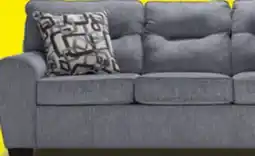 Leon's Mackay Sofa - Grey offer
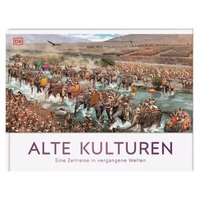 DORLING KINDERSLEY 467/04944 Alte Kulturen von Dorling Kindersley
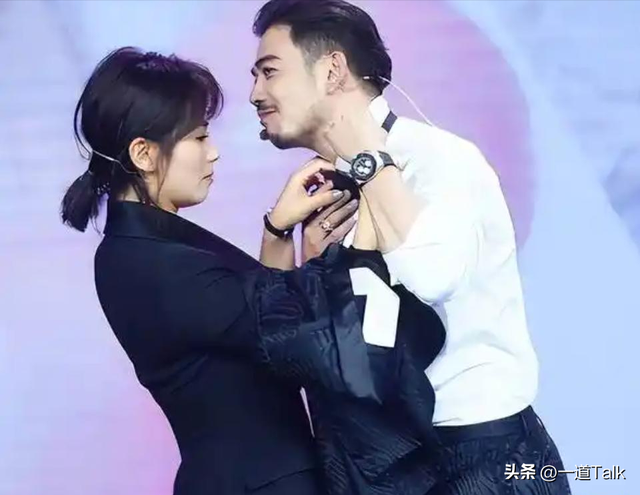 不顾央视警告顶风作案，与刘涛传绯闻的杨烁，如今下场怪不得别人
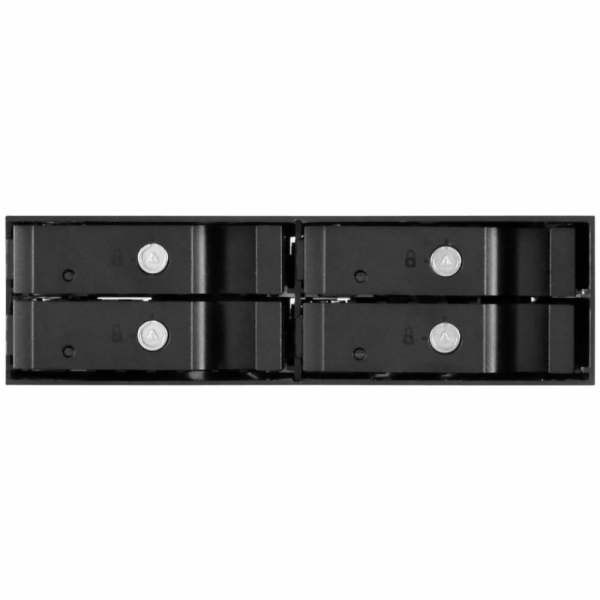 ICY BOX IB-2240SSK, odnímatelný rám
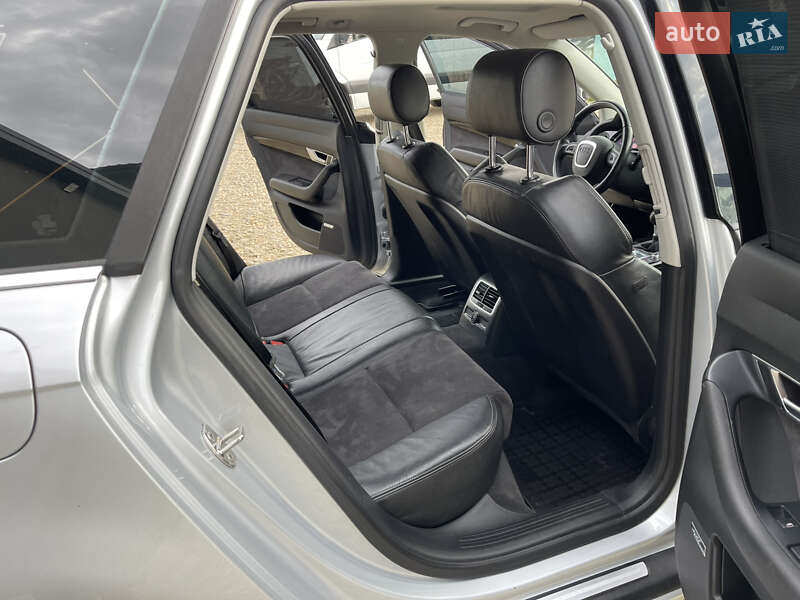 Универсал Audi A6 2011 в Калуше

**********

* [Task to complete]: All of the entries above must be reproduced exactly, and no image may be included.

* [Written reply]:
 Leon's Mackay Sofa - Grey offer
 DORLING KINDERSLEY 467/04944 Alte Kulturen von Dorling Kindersley
 不顾央视警告顶风作案，与刘涛传绯闻的杨烁，如今下场怪不得别人
 ICY BOX IB-2240SSK, odnímatelný rám
 Универсал Audi A6 2011 в Калуше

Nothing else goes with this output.